Could the entries below be retyped exactly and in full?

[[ Data to process, beginning ]]

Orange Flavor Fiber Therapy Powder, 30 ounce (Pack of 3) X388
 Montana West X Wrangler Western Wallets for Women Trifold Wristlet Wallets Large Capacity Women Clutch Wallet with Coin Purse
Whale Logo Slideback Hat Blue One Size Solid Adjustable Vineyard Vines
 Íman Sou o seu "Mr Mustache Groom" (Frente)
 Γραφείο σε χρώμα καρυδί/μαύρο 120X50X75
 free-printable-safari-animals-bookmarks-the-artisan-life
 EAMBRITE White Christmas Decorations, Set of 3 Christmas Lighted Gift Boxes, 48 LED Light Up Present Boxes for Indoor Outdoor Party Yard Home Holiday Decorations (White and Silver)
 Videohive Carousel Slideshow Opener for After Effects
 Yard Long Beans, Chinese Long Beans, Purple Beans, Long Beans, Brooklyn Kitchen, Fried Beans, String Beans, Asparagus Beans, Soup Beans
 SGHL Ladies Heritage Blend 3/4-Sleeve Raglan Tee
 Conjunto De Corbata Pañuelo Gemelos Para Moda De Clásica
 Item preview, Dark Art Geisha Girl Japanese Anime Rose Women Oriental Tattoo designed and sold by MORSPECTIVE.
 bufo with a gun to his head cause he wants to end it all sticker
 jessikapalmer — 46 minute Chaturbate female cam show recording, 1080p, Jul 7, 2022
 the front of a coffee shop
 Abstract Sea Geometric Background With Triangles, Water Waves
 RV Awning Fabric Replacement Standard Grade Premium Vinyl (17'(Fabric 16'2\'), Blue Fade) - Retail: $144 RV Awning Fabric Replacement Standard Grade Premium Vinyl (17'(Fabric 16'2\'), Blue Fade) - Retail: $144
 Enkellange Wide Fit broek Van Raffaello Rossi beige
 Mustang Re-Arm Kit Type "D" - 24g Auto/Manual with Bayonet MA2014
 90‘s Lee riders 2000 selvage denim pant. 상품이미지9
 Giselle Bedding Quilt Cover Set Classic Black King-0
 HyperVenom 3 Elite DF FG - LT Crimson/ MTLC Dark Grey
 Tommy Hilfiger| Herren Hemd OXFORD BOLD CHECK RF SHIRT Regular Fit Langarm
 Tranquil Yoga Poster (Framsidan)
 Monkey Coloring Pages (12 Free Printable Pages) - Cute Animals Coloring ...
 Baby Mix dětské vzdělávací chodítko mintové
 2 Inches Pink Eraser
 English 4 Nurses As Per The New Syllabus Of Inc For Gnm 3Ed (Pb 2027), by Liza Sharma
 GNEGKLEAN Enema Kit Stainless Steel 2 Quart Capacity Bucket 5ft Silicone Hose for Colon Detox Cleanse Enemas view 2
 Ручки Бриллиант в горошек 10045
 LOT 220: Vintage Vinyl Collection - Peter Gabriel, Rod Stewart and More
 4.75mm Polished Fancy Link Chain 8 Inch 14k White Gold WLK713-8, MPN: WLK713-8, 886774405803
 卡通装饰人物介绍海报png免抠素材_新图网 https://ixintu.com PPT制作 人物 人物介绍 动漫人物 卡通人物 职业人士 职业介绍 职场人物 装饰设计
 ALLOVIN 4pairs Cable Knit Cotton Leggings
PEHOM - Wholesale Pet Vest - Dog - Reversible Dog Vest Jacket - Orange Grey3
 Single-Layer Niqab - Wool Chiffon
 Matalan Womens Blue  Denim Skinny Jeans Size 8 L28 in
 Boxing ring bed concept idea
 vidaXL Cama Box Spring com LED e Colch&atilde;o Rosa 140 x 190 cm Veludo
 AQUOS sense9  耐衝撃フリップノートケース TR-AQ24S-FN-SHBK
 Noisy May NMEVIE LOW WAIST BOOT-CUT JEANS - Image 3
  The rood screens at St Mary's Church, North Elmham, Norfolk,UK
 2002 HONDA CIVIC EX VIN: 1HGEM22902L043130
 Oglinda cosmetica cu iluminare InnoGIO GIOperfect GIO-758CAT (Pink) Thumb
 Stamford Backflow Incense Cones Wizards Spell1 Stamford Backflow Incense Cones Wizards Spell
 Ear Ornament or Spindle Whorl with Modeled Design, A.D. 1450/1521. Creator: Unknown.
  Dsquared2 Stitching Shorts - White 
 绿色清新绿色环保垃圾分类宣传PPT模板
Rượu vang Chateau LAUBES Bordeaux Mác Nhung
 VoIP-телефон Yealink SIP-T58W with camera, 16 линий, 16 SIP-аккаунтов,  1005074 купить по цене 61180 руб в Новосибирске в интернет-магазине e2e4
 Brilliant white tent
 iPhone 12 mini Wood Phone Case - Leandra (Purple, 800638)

[[ Data to process, end ]]

Response for this exercise
Orange Flavor Fiber Therapy Powder, 30 ounce (Pack of 3) X388
 Montana West X Wrangler Western Wallets for Women Trifold Wristlet Wallets Large Capacity Women Clutch Wallet with Coin Purse
Whale Logo Slideback Hat Blue One Size Solid Adjustable Vineyard Vines
 Íman Sou o seu "Mr Mustache Groom" (Frente)
 Γραφείο σε χρώμα καρυδί/μαύρο 120X50X75
 free-printable-safari-animals-bookmarks-the-artisan-life
 EAMBRITE White Christmas Decorations, Set of 3 Christmas Lighted Gift Boxes, 48 LED Light Up Present Boxes for Indoor Outdoor Party Yard Home Holiday Decorations (White and Silver)
 Videohive Carousel Slideshow Opener for After Effects
 Yard Long Beans, Chinese Long Beans, Purple Beans, Long Beans, Brooklyn Kitchen, Fried Beans, String Beans, Asparagus Beans, Soup Beans
 SGHL Ladies Heritage Blend 3/4-Sleeve Raglan Tee
 Conjunto De Corbata Pañuelo Gemelos Para Moda De Clásica
 Item preview, Dark Art Geisha Girl Japanese Anime Rose Women Oriental Tattoo designed and sold by MORSPECTIVE.
 bufo with a gun to his head cause he wants to end it all sticker
 jessikapalmer — 46 minute Chaturbate female cam show recording, 1080p, Jul 7, 2022
 the front of a coffee shop
 Abstract Sea Geometric Background With Triangles, Water Waves
 RV Awning Fabric Replacement Standard Grade Premium Vinyl (17'(Fabric 16'2\'), Blue Fade) - Retail: $144 RV Awning Fabric Replacement Standard Grade Premium Vinyl (17'(Fabric 16'2\'), Blue Fade) - Retail: $144
 Enkellange Wide Fit broek Van Raffaello Rossi beige
 Mustang Re-Arm Kit Type "D" - 24g Auto/Manual with Bayonet MA2014
 90‘s Lee riders 2000 selvage denim pant. 상품이미지9
 Giselle Bedding Quilt Cover Set Classic Black King-0
 HyperVenom 3 Elite DF FG - LT Crimson/ MTLC Dark Grey
 Tommy Hilfiger| Herren Hemd OXFORD BOLD CHECK RF SHIRT Regular Fit Langarm
 Tranquil Yoga Poster (Framsidan)
 Monkey Coloring Pages (12 Free Printable Pages) - Cute Animals Coloring ...
 Baby Mix dětské vzdělávací chodítko mintové
 2 Inches Pink Eraser
 English 4 Nurses As Per The New Syllabus Of Inc For Gnm 3Ed (Pb 2027), by Liza Sharma
 GNEGKLEAN Enema Kit Stainless Steel 2 Quart Capacity Bucket 5ft Silicone Hose for Colon Detox Cleanse Enemas view 2
 Ручки Бриллиант в горошек 10045
 LOT 220: Vintage Vinyl Collection - Peter Gabriel, Rod Stewart and More
 4.75mm Polished Fancy Link Chain 8 Inch 14k White Gold WLK713-8, MPN: WLK713-8, 886774405803
 卡通装饰人物介绍海报png免抠素材_新图网 https://ixintu.com PPT制作 人物 人物介绍 动漫人物 卡通人物 职业人士 职业介绍 职场人物 装饰设计
 ALLOVIN 4pairs Cable Knit Cotton Leggings
PEHOM - Wholesale Pet Vest - Dog - Reversible Dog Vest Jacket - Orange Grey3
 Single-Layer Niqab - Wool Chiffon
 Matalan Womens Blue  Denim Skinny Jeans Size 8 L28 in
 Boxing ring bed concept idea
 vidaXL Cama Box Spring com LED e Colch&atilde;o Rosa 140 x 190 cm Veludo
 AQUOS sense9  耐衝撃フリップノートケース TR-AQ24S-FN-SHBK
 Noisy May NMEVIE LOW WAIST BOOT-CUT JEANS - Image 3
  The rood screens at St Mary's Church, North Elmham, Norfolk,UK
 2002 HONDA CIVIC EX VIN: 1HGEM22902L043130
 Oglinda cosmetica cu iluminare InnoGIO GIOperfect GIO-758CAT (Pink) Thumb
 Stamford Backflow Incense Cones Wizards Spell1 Stamford Backflow Incense Cones Wizards Spell
 Ear Ornament or Spindle Whorl with Modeled Design, A.D. 1450/1521. Creator: Unknown.
  Dsquared2 Stitching Shorts - White 
 绿色清新绿色环保垃圾分类宣传PPT模板
Rượu vang Chateau LAUBES Bordeaux Mác Nhung
 VoIP-телефон Yealink SIP-T58W with camera, 16 линий, 16 SIP-аккаунтов,  1005074 купить по цене 61180 руб в Новосибирске в интернет-магазине e2e4
 Brilliant white tent
 iPhone 12 mini Wood Phone Case - Leandra (Purple, 800638)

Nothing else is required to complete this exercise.